**INFORMATION SUPPLIED**
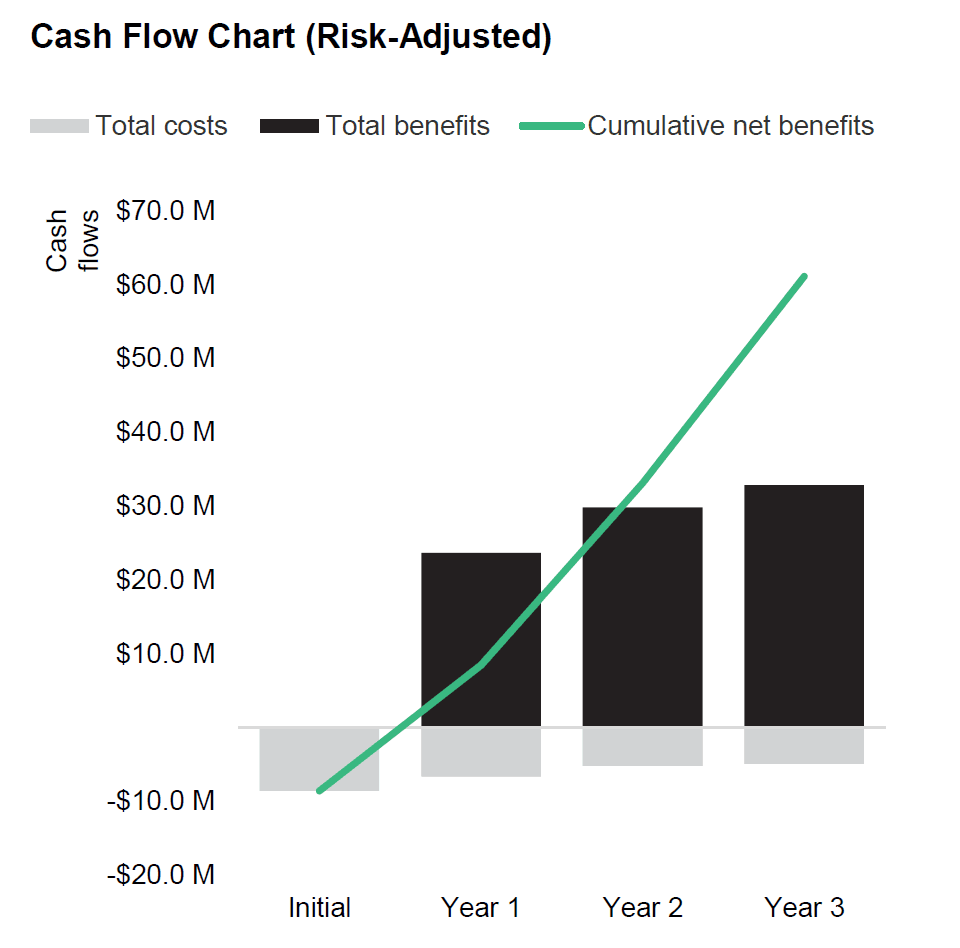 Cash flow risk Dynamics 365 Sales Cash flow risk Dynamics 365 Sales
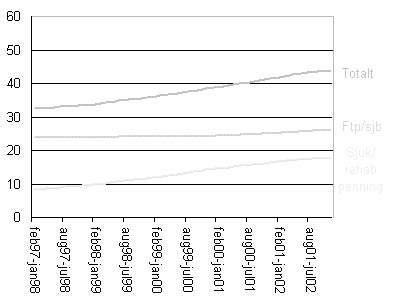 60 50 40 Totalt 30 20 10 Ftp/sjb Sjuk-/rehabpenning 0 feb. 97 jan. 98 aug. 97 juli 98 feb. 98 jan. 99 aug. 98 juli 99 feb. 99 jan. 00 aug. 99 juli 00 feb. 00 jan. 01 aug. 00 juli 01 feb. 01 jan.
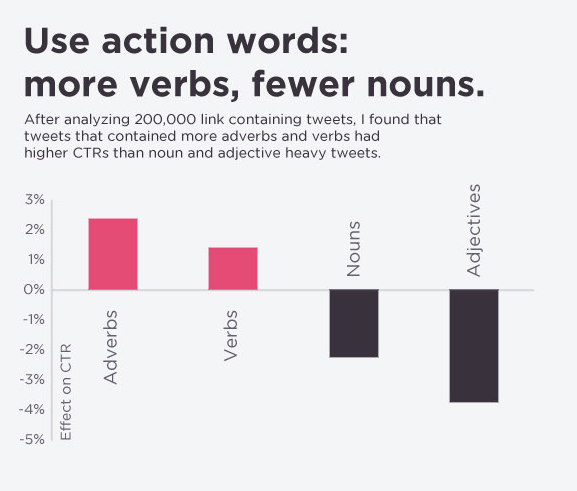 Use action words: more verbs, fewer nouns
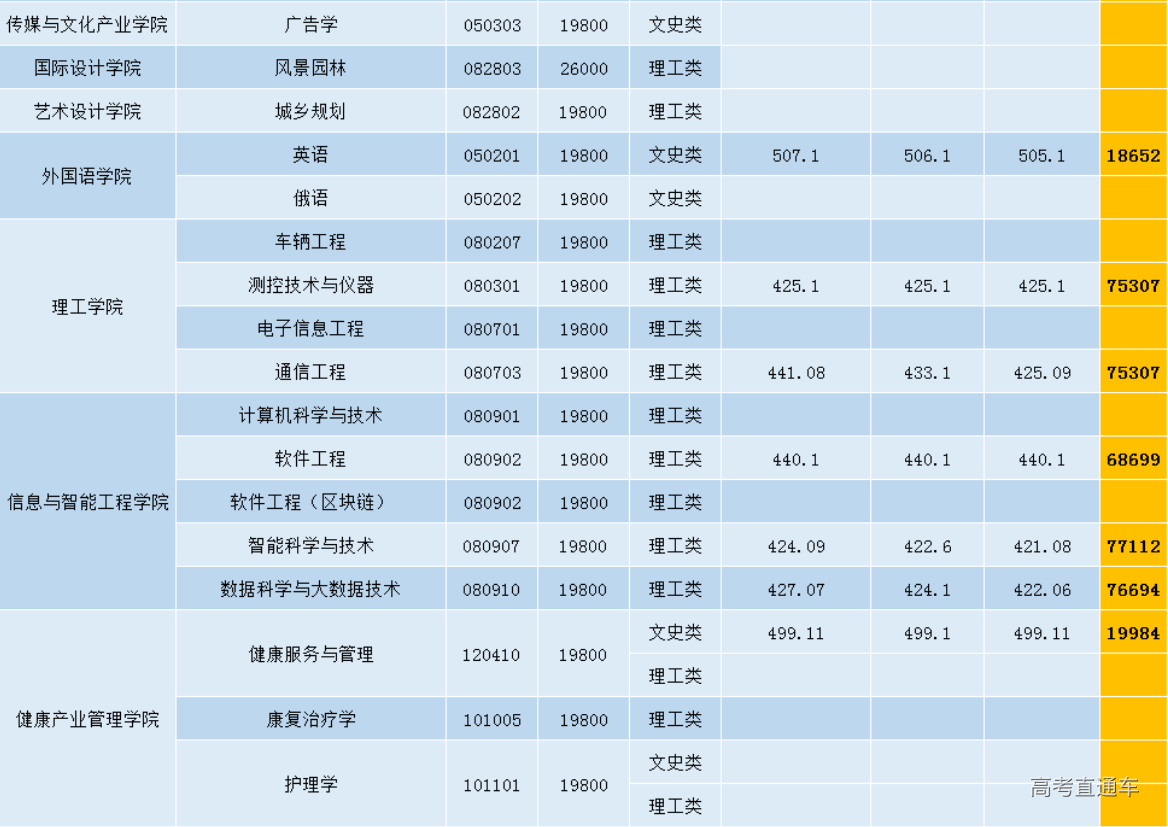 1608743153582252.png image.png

**DIRECTIONS FOR THIS TASK**
Every line above is to be returned exactly, with its pictures removed.

**WRITTEN ANSWER**
 Cash flow risk Dynamics 365 Sales Cash flow risk Dynamics 365 Sales
 60 50 40 Totalt 30 20 10 Ftp/sjb Sjuk-/rehabpenning 0 feb. 97 jan. 98 aug. 97 juli 98 feb. 98 jan. 99 aug. 98 juli 99 feb. 99 jan. 00 aug. 99 juli 00 feb. 00 jan. 01 aug. 00 juli 01 feb. 01 jan.
 Use action words: more verbs, fewer nouns
 1608743153582252.png image.png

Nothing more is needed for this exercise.